In the long run, maybe last week's trades will be the best thing that ever happened

Here's a horrible, painful, totally hurtful thought: Someday, maybe three years from now, we'll look back on the six-game winning streak of July 2017 - last week's mini-hallucination of hope - as the best thing that ever happened to the Yankees. 

Yep. No misprint. The best that ever happened.

By then, Dustin Fowler, James Kaprielian and Jorge Mateo could be fixtures in Oakland, and Blake Rutherford could be emerging for the White Sox. Unless we're sporting a new world series ring, last week's brief surge could go down as the Great False Read of 2017. That little streak would be remembered as Brian Cashman's justification for ditching the Yankee rebuilding plan and chasing the brass ring... which in turn spawned his contract year downfall.

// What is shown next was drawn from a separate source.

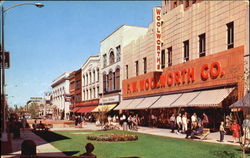 The Mall Kalamazoo, MI Postcard Postcard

If the Yankees collapse, could Cashman finally go?

Looking back, we might laugh at our own gullibility. We won six in a row against middling Seattle, the last place Reds and Tampa, which kicked the ball around like Manchester United. Suddenly, we found ourselves like Chauncy Gardiner in first place and - as a result - scrapped the long range rebuilding plan for an all-or-nothing run. It will be remembered as "the Todd Frazier period," when we briefly assumed the mantle of "Golden State Warriors of baseball." How mockingly will that phrase be used.

Oh, we'll say, what a jolly time it was! Six wins. It was as if the entire team took part in an IT IS HIGH drunk blog. Six wins! - sandwiched by lengthy, soul-sapping slumps. It began by losing two out of three to dismal Detroit, then we went to Cleveland, Toronto and Boston. And by mid August... ugh...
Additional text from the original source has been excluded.